(Material for this task begins)

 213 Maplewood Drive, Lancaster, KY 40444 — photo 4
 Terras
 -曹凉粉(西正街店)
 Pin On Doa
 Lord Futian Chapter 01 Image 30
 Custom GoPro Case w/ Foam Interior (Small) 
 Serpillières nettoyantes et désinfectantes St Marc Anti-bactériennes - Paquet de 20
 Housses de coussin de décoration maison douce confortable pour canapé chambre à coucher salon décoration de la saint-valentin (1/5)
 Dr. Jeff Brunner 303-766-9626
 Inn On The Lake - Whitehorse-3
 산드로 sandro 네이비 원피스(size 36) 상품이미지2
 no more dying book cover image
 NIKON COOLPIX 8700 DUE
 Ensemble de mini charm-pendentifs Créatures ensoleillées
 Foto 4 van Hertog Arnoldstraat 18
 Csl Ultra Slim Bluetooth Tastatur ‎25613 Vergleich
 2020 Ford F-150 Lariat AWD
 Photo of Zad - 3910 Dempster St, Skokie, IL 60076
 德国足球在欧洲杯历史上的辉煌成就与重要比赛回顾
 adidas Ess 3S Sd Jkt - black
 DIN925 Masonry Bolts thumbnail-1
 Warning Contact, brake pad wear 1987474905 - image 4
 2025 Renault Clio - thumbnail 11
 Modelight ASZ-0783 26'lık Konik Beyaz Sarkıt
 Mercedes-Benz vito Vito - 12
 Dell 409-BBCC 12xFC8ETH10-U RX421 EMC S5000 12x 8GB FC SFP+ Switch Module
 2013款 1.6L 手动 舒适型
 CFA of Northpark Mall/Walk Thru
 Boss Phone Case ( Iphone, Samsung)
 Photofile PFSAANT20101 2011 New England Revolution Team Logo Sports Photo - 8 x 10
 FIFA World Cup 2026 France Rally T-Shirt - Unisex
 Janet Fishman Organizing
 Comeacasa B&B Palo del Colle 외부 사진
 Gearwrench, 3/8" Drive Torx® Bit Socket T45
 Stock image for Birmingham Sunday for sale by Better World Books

(Material for this task ends)

**The problem**
Type out all of the material again, word for word.

**Written response**
 213 Maplewood Drive, Lancaster, KY 40444 — photo 4
 Terras
 -曹凉粉(西正街店)
 Pin On Doa
 Lord Futian Chapter 01 Image 30
 Custom GoPro Case w/ Foam Interior (Small) 
 Serpillières nettoyantes et désinfectantes St Marc Anti-bactériennes - Paquet de 20
 Housses de coussin de décoration maison douce confortable pour canapé chambre à coucher salon décoration de la saint-valentin (1/5)
 Dr. Jeff Brunner 303-766-9626
 Inn On The Lake - Whitehorse-3
 산드로 sandro 네이비 원피스(size 36) 상품이미지2
 no more dying book cover image
 NIKON COOLPIX 8700 DUE
 Ensemble de mini charm-pendentifs Créatures ensoleillées
 Foto 4 van Hertog Arnoldstraat 18
 Csl Ultra Slim Bluetooth Tastatur ‎25613 Vergleich
 2020 Ford F-150 Lariat AWD
 Photo of Zad - 3910 Dempster St, Skokie, IL 60076
 德国足球在欧洲杯历史上的辉煌成就与重要比赛回顾
 adidas Ess 3S Sd Jkt - black
 DIN925 Masonry Bolts thumbnail-1
 Warning Contact, brake pad wear 1987474905 - image 4
 2025 Renault Clio - thumbnail 11
 Modelight ASZ-0783 26'lık Konik Beyaz Sarkıt
 Mercedes-Benz vito Vito - 12
 Dell 409-BBCC 12xFC8ETH10-U RX421 EMC S5000 12x 8GB FC SFP+ Switch Module
 2013款 1.6L 手动 舒适型
 CFA of Northpark Mall/Walk Thru
 Boss Phone Case ( Iphone, Samsung)
 Photofile PFSAANT20101 2011 New England Revolution Team Logo Sports Photo - 8 x 10
 FIFA World Cup 2026 France Rally T-Shirt - Unisex
 Janet Fishman Organizing
 Comeacasa B&B Palo del Colle 외부 사진
 Gearwrench, 3/8" Drive Torx® Bit Socket T45
 Stock image for Birmingham Sunday for sale by Better World Books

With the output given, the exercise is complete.